Secretary of State – 17 February 2022
In just eight years’ time we will celebrate a British first – the 200th anniversary of the world’s first intercity rail service between Manchester and Liverpool, an event which ushered in the railway age and changed transport for ever.
The huge success of this first line sparked a frenzied period of construction, “Railway Mania”, particularly in the industrial North. By the 1860s, the North West rail network familiar to passengers today was largely complete. But the breakneck expansion of the 19th century contrasted starkly with the stagnation and decline of the 20th.
The first rail network in the world is now the oldest. Certainly, we’ve upgraded lines and squeezed more capacity out of existing routes, but we haven’t built any new lines, in the North, for more than a hundred years.

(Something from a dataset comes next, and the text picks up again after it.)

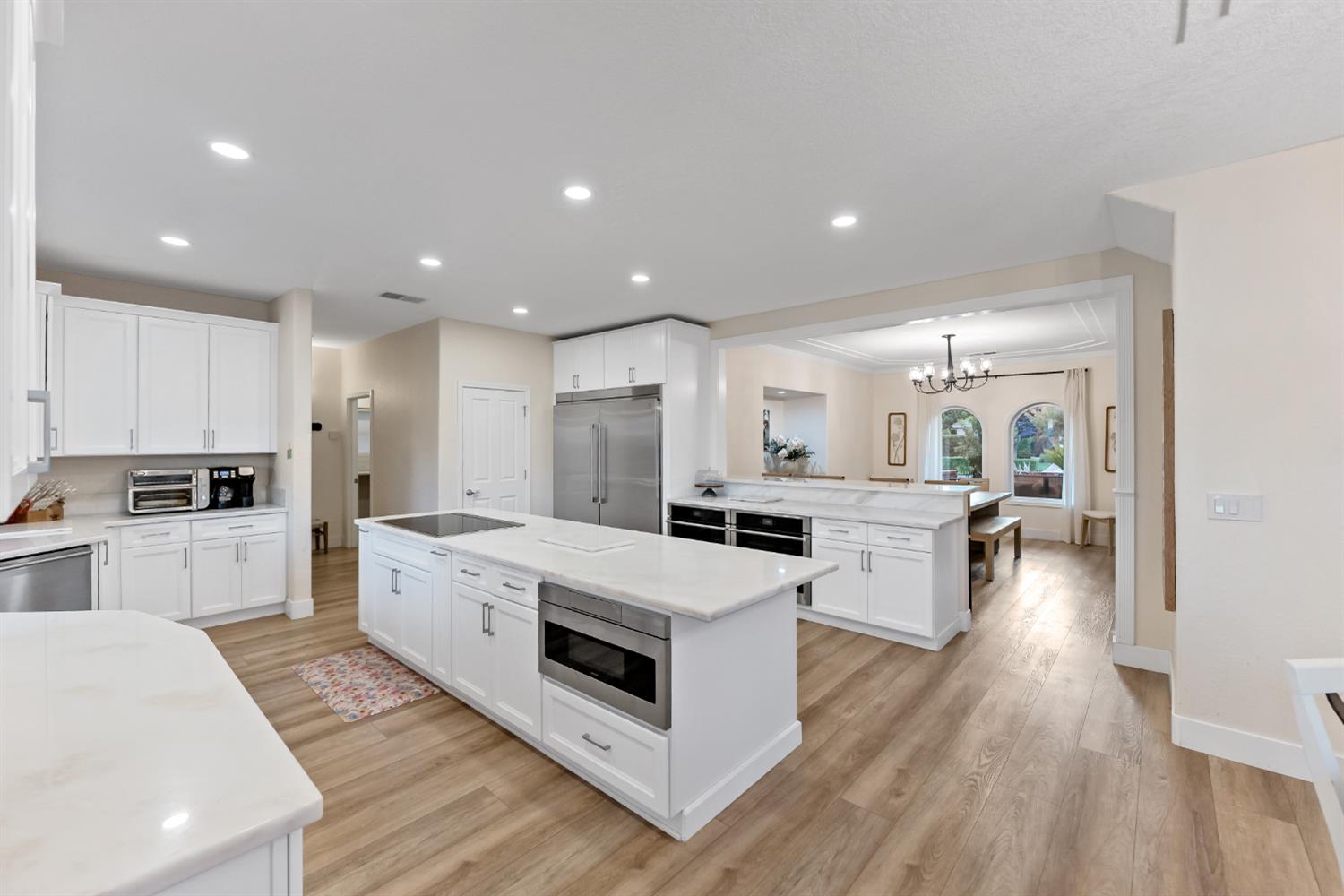 6054 N Woodson Ave, Fresno, CA 93711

It is this chequered history of our railways in the 20th Century that puts our current ambitions into perspective. There simply has not been a programme of rail investment in the UK on anything like the scale of our Integrated Rail Plan in living memory.

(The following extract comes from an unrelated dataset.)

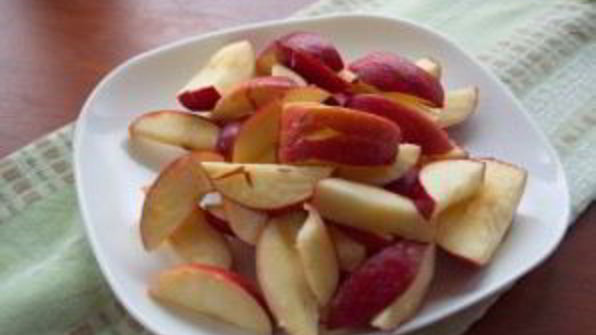 гуляш с яблоком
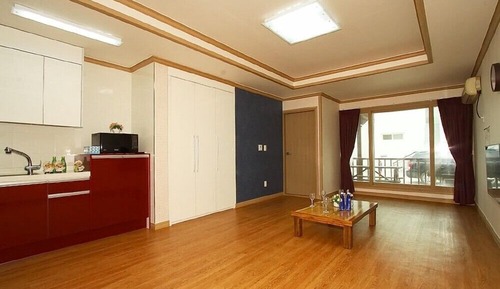 Room (103)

This government has committed £96 billion to high speed and regional rail links over the coming years.
With HS2 and Northern Powerhouse Rail, we have embarked on a new Railway Age. If ever proof were needed of this government’s commitment to levelling up the country and re-energising the North and Midlands, this is it.
Think of it: £96 billion. More than ten times the amount we spent on the 2012 Olympics.
And the epicentre of this investment is the North West, with HS2 and Northern Powerhouse Rail linking the region with London, the Midlands and Yorkshire, slashing journey times and transforming capacity.
And there will be new stations at Manchester Piccadilly and Manchester Airport to welcome passengers.
Just last week, we introduced the bill for the next phase of HS2 between Crewe and Manchester. Not only will it realise a great prospect for Crewe, with a new HS2 hub, but it will also see five to seven HS2 trains per hour, ferrying family, friends and, most importantly, opportunities to and from the North. Journey times from Manchester to London will be slashed by almost an hour, and trips to Birmingham from Manchester will be up to 45 minutes faster.
But even more importantly, HS2 will transform capacity on routes south, relieving pressure on the West Coast Mainline. The high-speed line, one of Europe’s biggest construction projects, will create some 17,500 jobs in the North during its creation. Crewe is a historic railway town but as a hub joining HS2 with the West Coast Mainline this junction’s best days are yet to come
I was pleased to see the bill getting the support it deserves from many in the North West business community. Figures from Greater Manchester Chamber of Commerce, Cheshire and Warrington Local Enterprise Partnership and Cheshire East Council all welcomed the plans, citing the prospects for economic growth, increased business investment, regeneration, and levelling up.
They were mirrored in the Midlands too. “It will give the West Midlands and North West the fast, reliable rail connectivity these regions so desperately need. What’s important now is that we seize this momentum to accelerate job creation, investment and regeneration that makes this investment so transformative,” said Maria Machancoses, chief executive of Midlands Connect, who also described it as a watershed moment in HS2’s development.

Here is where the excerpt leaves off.